As far as I know there are no more accurate statements about addiction that capture course, clinical phenomenology, and implicit neuroscience in one sentence.  If that sentence was all that you knew about addiction, you could diagnose and treat most disorders by deriving your clinical interview from these first principles.  The problem in the DSM world is that the interview ends up being a collection of impersonal markers that may of may not uniquely apply to the person being assessed.  The ANA seems to take the encyclopedic approach to this problem.  The intense euphoric state of early addiction is rarely explored.  A lot of what constitutes a clinical evaluation is the tabulation of various adverse outcomes rather than the ongoing process.

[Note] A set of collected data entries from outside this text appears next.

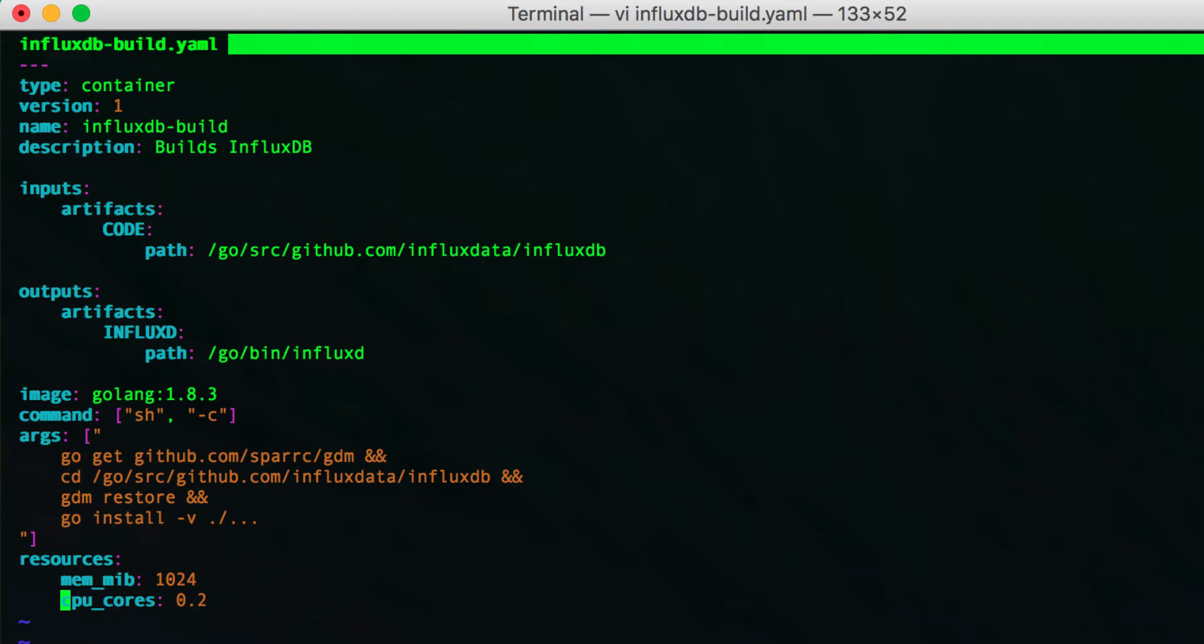Taking a look at the build step, you'll see that it is a template of type container and runs the Golang 1.8 image from Docker Hub to perform the build. It accepts the source code as an input artifact and copies it to a location inside the container. It produces one output artifact, which Argo will automatically store after completion of the step.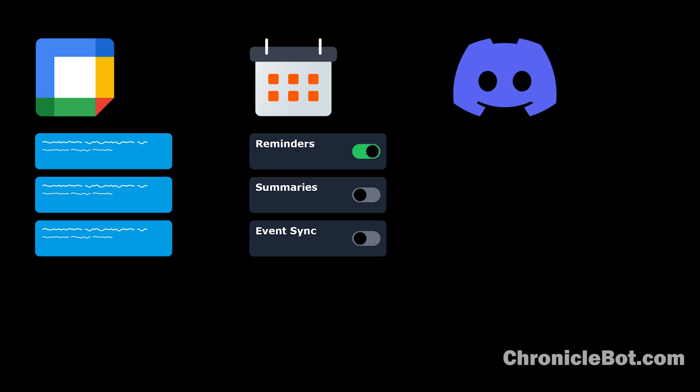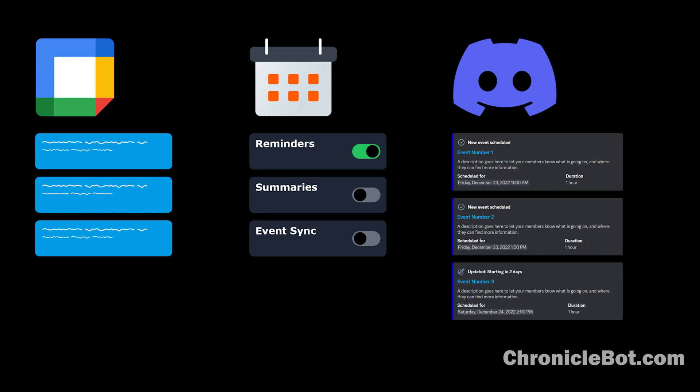Turn on Reminders to send messages on new events, updates, cancellations, or reminders on upcoming events.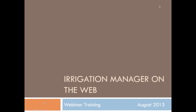Thank you, Andy. Welcome, everybody. I am very excited to share with everyone the new platform that we'll be developing all of our applications on going forward. It's an exciting step forward for PureSense, and I hope you all share the excitement with us.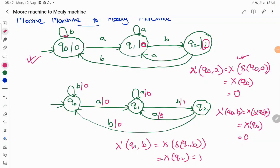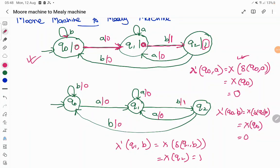This is how we convert a Moore machine to a Mealy machine. You can either use the formula or directly check the link of the path — each directed transition leads to a destination state, and the output of that destination state in the Moore machine is copied onto the transition in the Mealy machine. Thank you.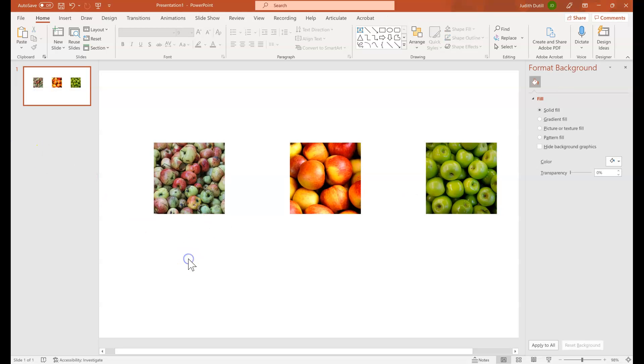And there you go. That is a quick and easy way to resize your images and then align them on the slide. I hope that this is a helpful tip and I look forward to providing more tips on this topic.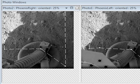We were not involved in the Phoenix project but we thought it would be fun to see what we could do with the Phoenix stereo images in PhotoModeler Scanner.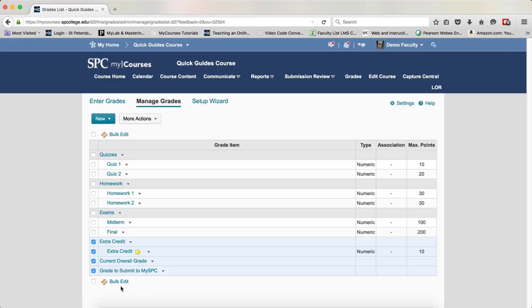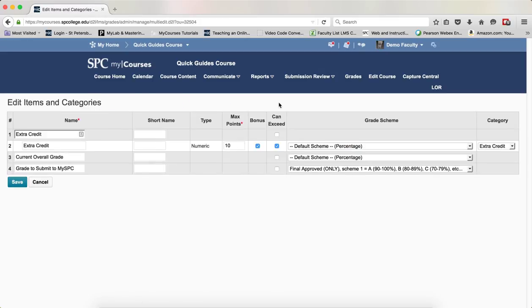Click on the name, then Bulk Edit. In the column Can Exceed, make sure that Can Exceed is checked for all items.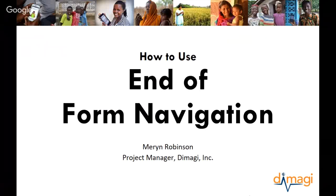Hi everyone, this is Maren. I'm a project manager at Dimagi, and I'm going to talk about end-of-form navigation today, which is both how to use it and why it's useful.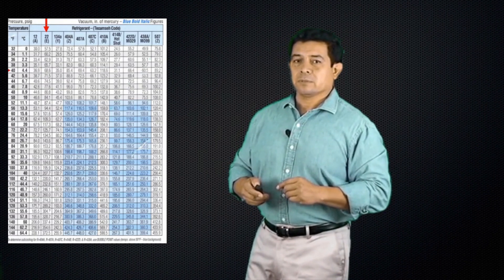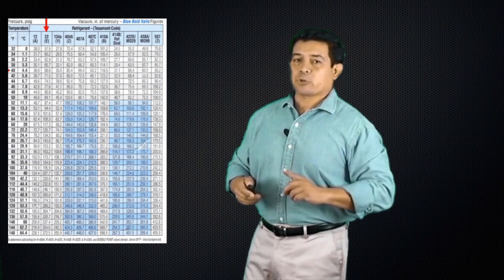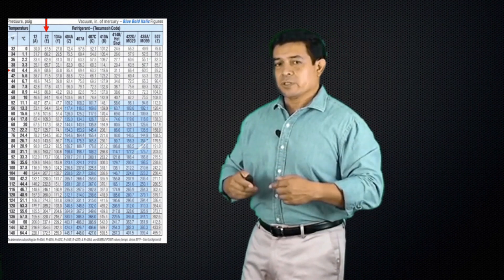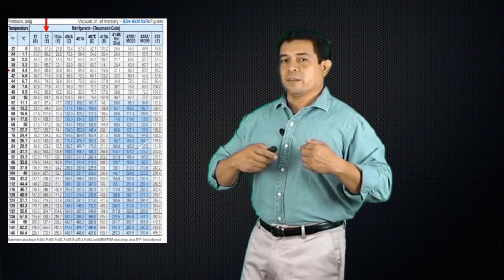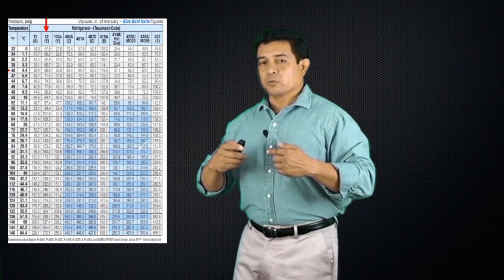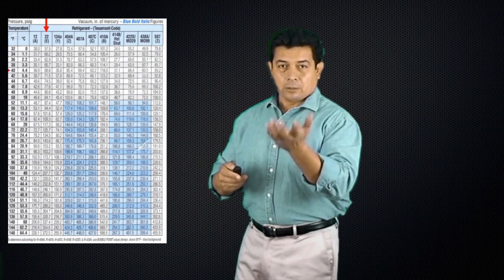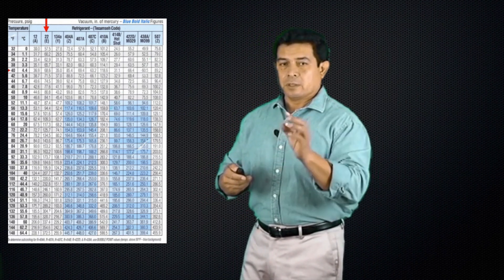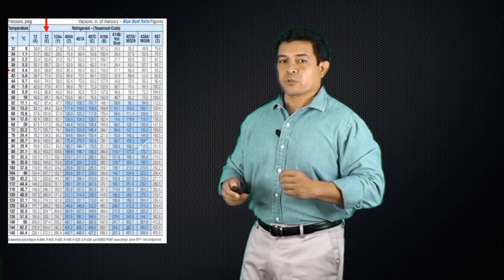But now let me ask you — how do we know that we are at that pressure? We have to think in reverse now. Before, we were saying that if we control the pressure, we can control the temperature. But by looking at the temperature that we have, we can figure out what that correct pressure is.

Just adhering to the basic science of the situation are there easier and more straightforward approaches to executive function, negative emotionality, and incentive salience.  I think that there might be.  I am  familiar with most of the measures suggested by the authors but the proper analysis requires a much closer look at all of the suggested metrics and how well they will discriminate between thousands of people with the same clinical diagnosis.  Although I dislike using it in the same context, the PHQ-9 is a good example of a purported measure of depression that really does not discriminate and the authors include several similar measures in their list including the Beck Depression Inventory, the Beck Anxiety Inventory, the Fawcett-Clark Pleasure Scale, and the Toronto Alexithymia Scale.  Degrees of freedom are important in thinking about the total number of items available to characterize the population versus large binary discrimination.  A lot of these measures don't seem up to the task, but i am the first to admit that it would be useful to see research that focuses on that issue.

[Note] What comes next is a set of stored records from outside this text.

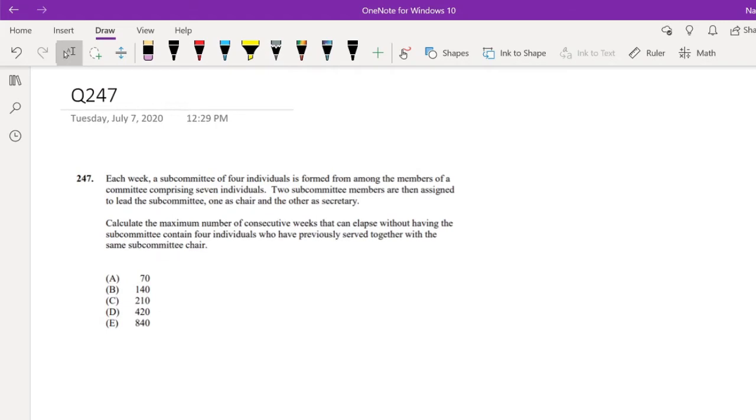Hi guys, it's Ramin, a math person. I'll be going over question 247 on SOA Exam P. So pause the video and try this yourself.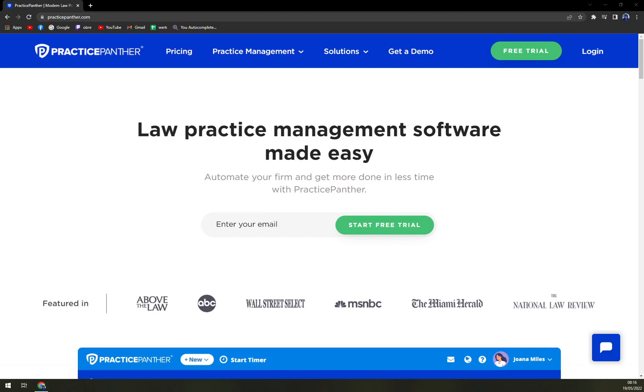Hello guys, my name is Matthew, and in today's video we are going to talk about Practice Panther, which is a very nice law practice management software. We will go through some pros and cons, check up the pricing, and compare it to the competitors.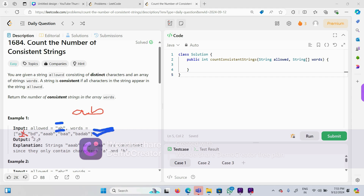Moving to 'bd' — again 'd' is not available in allowed, so this is also not a consistent string. But 'aab' has only 'a' and 'b', which are both available in allowed, so this is a consistent string. Similarly, 'baa' is also a consistent string. But 'badab' is not a consistent string. So only two strings are consistent in this example.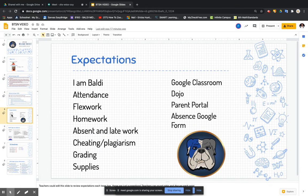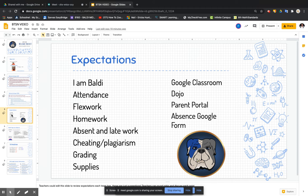Some of the expectations we have are just like in school. We follow iReady and Balding expectations. We have great expectations for attendance — we expect you to be here and to do your flex work during flex work time. Sometimes flex work goes into homework. For absent and late work, if you are absent or late, you should still be able to get your work in. Cheating and plagiarism, we all know, is a no-no. All grades will be put into the SIS program. You should be ready with your supplies when class starts. We communicate with parents, guardians, and students through Google Classroom, Class Dojo, and the parent portal. If your child is absent, please use the absent Google form.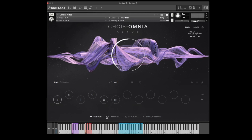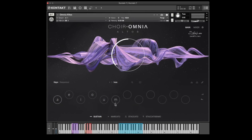We also have the possibility to change the playing style. So this is sustain — let's go to marcato, staccato, and staccatissimo. You can also change these with the keys. So we can play something in the blue area, use the purple area to change the syllables or letters, and change in the red octave whether we play sustain, marcato, staccato, or staccatissimo.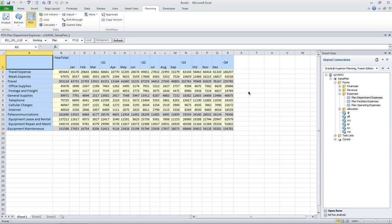Hey, this is Matt. One of the common use cases I hear about is to do some sort of template data entry for end users. I'm going to show you an example of how to build one of these templates. I'm going to use planning for my example, but you can certainly do this with any ad hoc provider like Essbase or HFM.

In the meantime, the take home message for any interested clinician is that the ANA is not ready for prime time - for a number of reasons - but stay tuned.   There also seems to be an opportunity to come up with new assessments of the systems in question that are more efficient and a better complement to clinical practice.
  


George Dawson, MD, DFAPA


References:

1: Kwako LE, Momenan R, Litten RZ, Koob GF, Goldman D. Addictions NeuroclinicalAssessment: A Neuroscience-Based Framework for Addictive Disorders. Biol Psychiatry. 2016 Aug 1;80(3):179-89. doi: 10.1016/j.biopsych.2015.10.024. Review. PubMed PMID: 26772405; PubMed Central PMCID: PMC4870153.